Abstract

A simulation of Earth's climate system through geological time was produced with a view to estimating the sun's continuously habitable zone (CHZ). The model consists of four boxes (air, land, ocean, and rock) and parameterizes the carbonate-silicate cycle as a five-step process, comprising volcanism, dissolution of airborne carbon dioxide in seawater, continental weathering, neritic deposition of carbonates on the sea floor, and seafloor weathering. Weathering, surface albedo, and planetary albedo are affected by the growth of continents over time, and by changes in cloud cover with planetary rotation rate. Radiative transfer is handled with a semigray method based on conditions on preindustrial Earth and present-day Mars. The model includes a process for recovering from Snowball Earth events, involving changing surface albedo due to volcanic soot deposition.

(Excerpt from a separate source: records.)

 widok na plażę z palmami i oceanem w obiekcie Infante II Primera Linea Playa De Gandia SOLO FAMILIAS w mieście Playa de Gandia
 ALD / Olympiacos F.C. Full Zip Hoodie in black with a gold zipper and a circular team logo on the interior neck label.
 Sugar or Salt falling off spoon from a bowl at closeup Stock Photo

The simulation produces a runaway greenhouse effect inside 0.982 AU and “limit cycling” between temperate and freezing temperatures outside 1.18 AU. Because continental weathering is less reactive to temperature than previously thought, the results indicate that Earth is more vulnerable to catastrophic climate runaways at the outer CHZ boundary than foreseen earlier. The narrow spacing ratio (R ​= ​1.20) implies that habitable planets will be less frequent than previously expected.